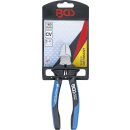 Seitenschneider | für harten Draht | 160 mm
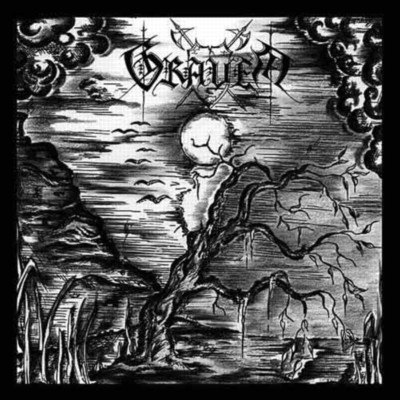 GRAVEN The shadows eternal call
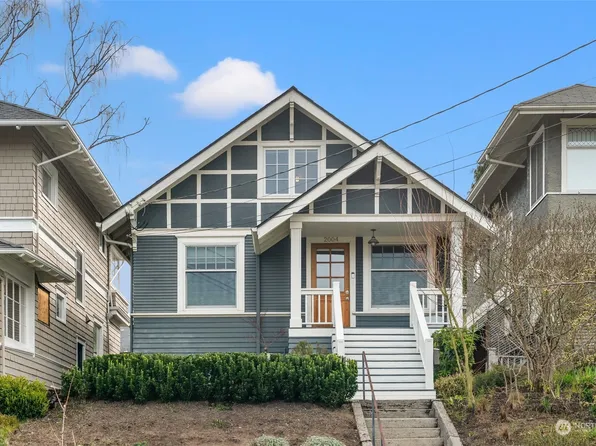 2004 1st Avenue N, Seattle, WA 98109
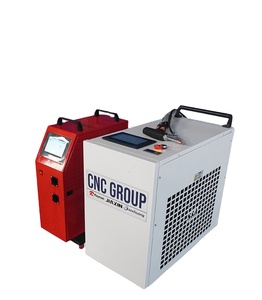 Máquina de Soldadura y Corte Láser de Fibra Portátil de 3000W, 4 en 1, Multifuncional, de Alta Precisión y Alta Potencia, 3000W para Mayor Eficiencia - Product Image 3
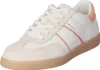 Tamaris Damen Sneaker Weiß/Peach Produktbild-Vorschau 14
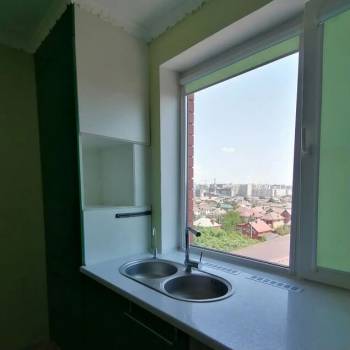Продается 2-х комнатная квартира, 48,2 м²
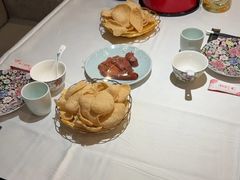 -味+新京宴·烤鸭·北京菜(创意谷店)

---*---

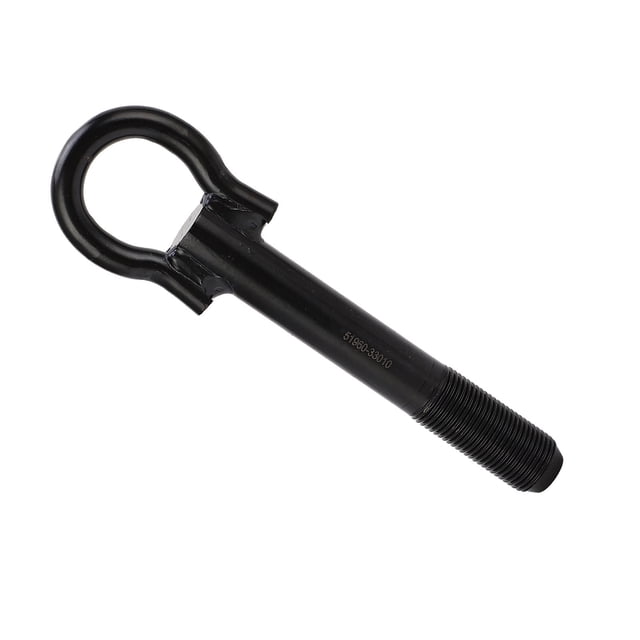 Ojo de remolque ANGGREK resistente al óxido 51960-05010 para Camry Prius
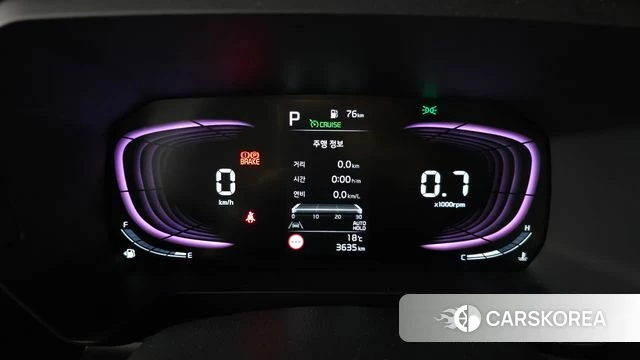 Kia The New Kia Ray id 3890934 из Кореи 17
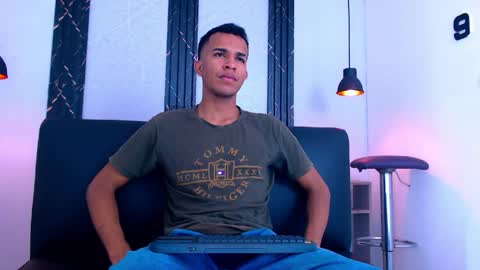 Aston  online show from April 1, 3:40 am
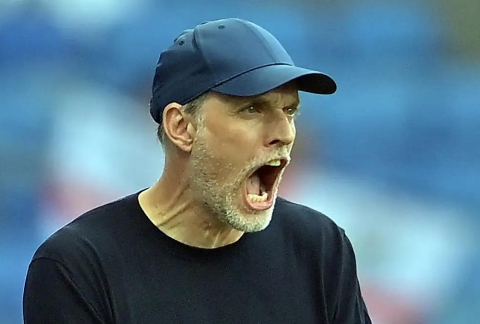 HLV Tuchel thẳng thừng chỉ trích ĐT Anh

---*---

= Work instruction =
From the listing above, repeat only the lines between the line containing "Kia The New Kia Ray id 3890934 из Кореи 17" and the line containing "HLV Tuchel thẳng thừng chỉ trích ĐT Anh", those two included. Pictures are not part of the copy.

= Task answer =
 Kia The New Kia Ray id 3890934 из Кореи 17
 Aston  online show from April 1, 3:40 am
 HLV Tuchel thẳng thừng chỉ trích ĐT Anh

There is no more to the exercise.